**What is expected:**
Set the listing down again in full, word for word, with the pictures left out.

**Stored data:**
────────────────────

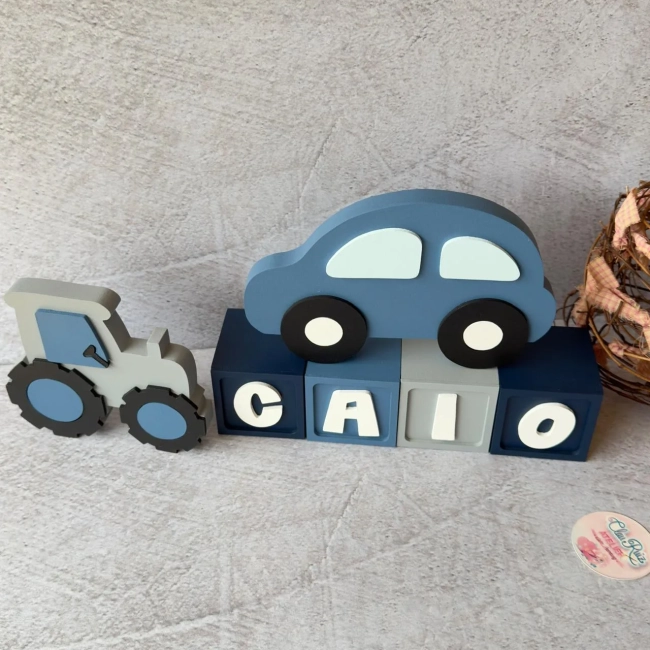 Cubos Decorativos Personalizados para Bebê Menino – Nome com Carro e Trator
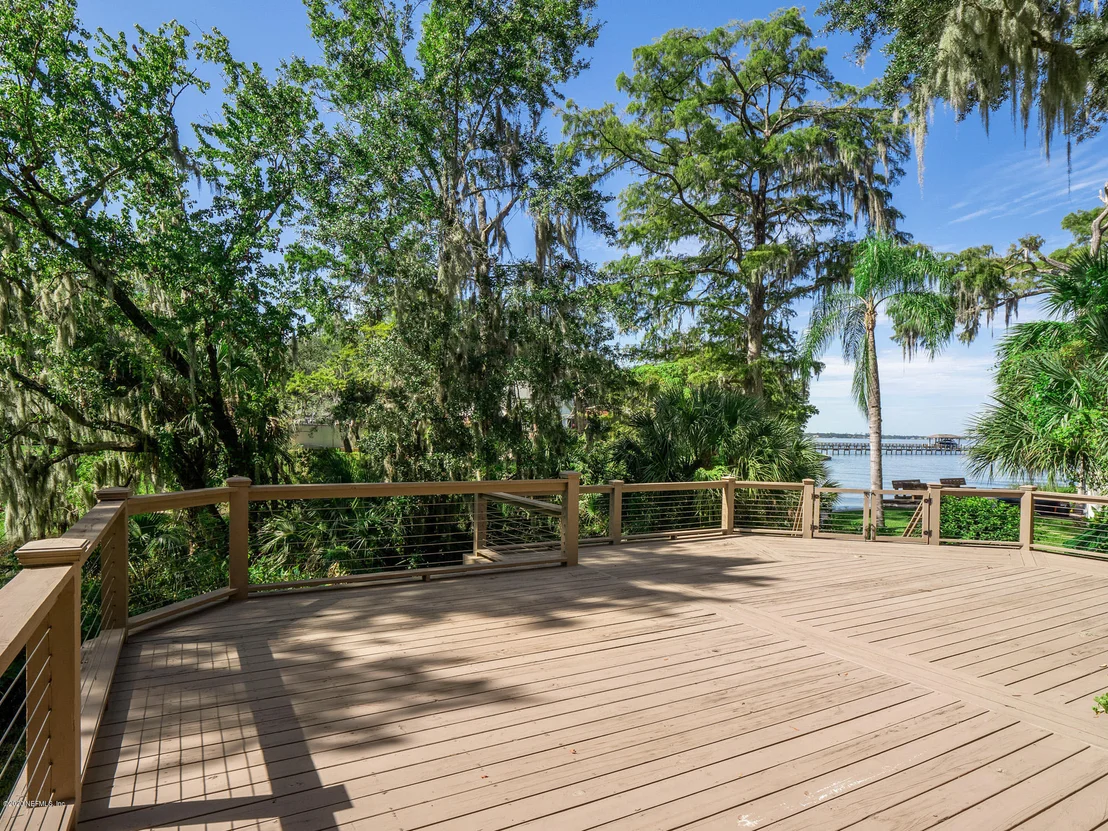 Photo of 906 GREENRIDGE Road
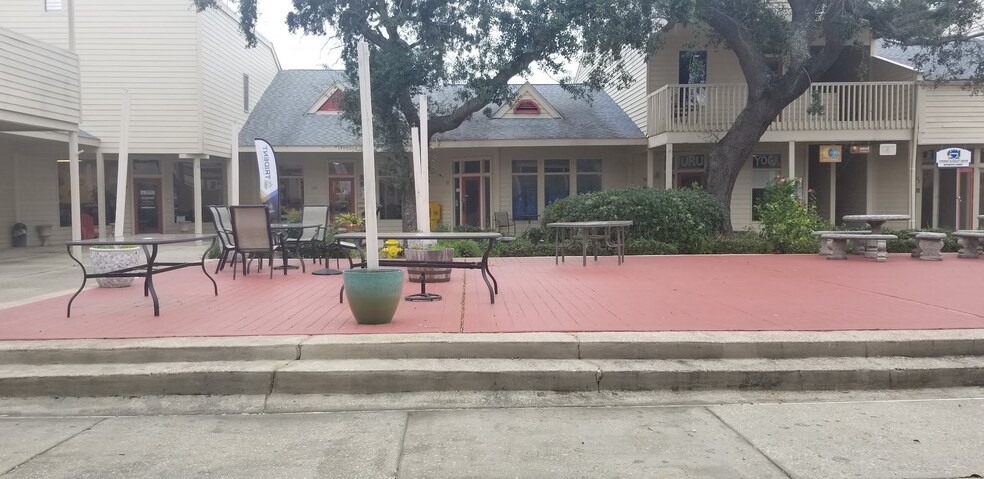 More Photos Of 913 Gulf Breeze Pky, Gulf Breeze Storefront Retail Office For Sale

────────────────────

**Exercise response:**
 Cubos Decorativos Personalizados para Bebê Menino – Nome com Carro e Trator
 Photo of 906 GREENRIDGE Road
 More Photos Of 913 Gulf Breeze Pky, Gulf Breeze Storefront Retail Office For Sale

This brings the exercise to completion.